Starting at the line that contains "hii im kei !! lf interactive moots ♡", restate every line word for word through the end of the entries.

Stored records:
◇ ◇ ◇
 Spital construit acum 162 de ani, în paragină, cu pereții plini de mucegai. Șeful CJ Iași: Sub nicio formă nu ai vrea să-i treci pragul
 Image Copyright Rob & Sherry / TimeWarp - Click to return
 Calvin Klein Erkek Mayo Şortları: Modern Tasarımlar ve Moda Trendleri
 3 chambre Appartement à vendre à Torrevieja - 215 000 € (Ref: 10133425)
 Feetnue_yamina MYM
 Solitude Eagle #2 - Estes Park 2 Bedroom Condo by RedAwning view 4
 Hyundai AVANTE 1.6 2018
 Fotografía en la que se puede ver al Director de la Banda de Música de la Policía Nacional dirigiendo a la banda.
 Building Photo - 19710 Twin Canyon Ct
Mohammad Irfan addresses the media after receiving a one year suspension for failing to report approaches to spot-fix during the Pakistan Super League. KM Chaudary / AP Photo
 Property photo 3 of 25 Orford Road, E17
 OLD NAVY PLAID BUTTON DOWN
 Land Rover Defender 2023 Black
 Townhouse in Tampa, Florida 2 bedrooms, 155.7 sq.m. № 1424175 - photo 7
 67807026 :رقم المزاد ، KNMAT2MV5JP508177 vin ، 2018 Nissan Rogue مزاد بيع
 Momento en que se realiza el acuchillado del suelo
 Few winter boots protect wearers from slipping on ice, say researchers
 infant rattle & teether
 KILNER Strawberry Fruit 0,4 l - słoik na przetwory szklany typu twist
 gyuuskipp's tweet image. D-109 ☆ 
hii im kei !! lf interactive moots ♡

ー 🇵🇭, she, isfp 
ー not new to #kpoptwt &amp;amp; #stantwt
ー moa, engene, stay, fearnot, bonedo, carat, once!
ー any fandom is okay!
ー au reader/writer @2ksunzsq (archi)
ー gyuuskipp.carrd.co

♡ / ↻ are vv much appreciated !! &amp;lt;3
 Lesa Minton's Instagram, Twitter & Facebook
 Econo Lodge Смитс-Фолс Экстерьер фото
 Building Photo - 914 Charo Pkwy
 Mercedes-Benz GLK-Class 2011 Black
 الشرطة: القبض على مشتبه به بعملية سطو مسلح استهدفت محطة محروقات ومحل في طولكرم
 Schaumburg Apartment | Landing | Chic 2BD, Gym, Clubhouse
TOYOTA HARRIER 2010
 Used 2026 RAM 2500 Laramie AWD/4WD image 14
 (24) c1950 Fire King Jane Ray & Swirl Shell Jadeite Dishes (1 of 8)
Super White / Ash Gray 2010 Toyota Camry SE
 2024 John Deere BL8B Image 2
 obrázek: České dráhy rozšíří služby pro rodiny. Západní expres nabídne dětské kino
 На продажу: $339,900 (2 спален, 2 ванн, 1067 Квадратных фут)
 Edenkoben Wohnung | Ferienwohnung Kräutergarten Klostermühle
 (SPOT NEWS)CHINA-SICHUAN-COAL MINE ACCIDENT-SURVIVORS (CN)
◇ ◇ ◇
Exercise answer:
hii im kei !! lf interactive moots ♡

ー 🇵🇭, she, isfp 
ー not new to #kpoptwt &amp;amp; #stantwt
ー moa, engene, stay, fearnot, bonedo, carat, once!
ー any fandom is okay!
ー au reader/writer @2ksunzsq (archi)
ー gyuuskipp.carrd.co

♡ / ↻ are vv much appreciated !! &amp;lt;3
 Lesa Minton's Instagram, Twitter & Facebook
 Econo Lodge Смитс-Фолс Экстерьер фото
 Building Photo - 914 Charo Pkwy
 Mercedes-Benz GLK-Class 2011 Black
 الشرطة: القبض على مشتبه به بعملية سطو مسلح استهدفت محطة محروقات ومحل في طولكرم
 Schaumburg Apartment | Landing | Chic 2BD, Gym, Clubhouse
TOYOTA HARRIER 2010
 Used 2026 RAM 2500 Laramie AWD/4WD image 14
 (24) c1950 Fire King Jane Ray & Swirl Shell Jadeite Dishes (1 of 8)
Super White / Ash Gray 2010 Toyota Camry SE
 2024 John Deere BL8B Image 2
 obrázek: České dráhy rozšíří služby pro rodiny. Západní expres nabídne dětské kino
 На продажу: $339,900 (2 спален, 2 ванн, 1067 Квадратных фут)
 Edenkoben Wohnung | Ferienwohnung Kräutergarten Klostermühle
 (SPOT NEWS)CHINA-SICHUAN-COAL MINE ACCIDENT-SURVIVORS (CN)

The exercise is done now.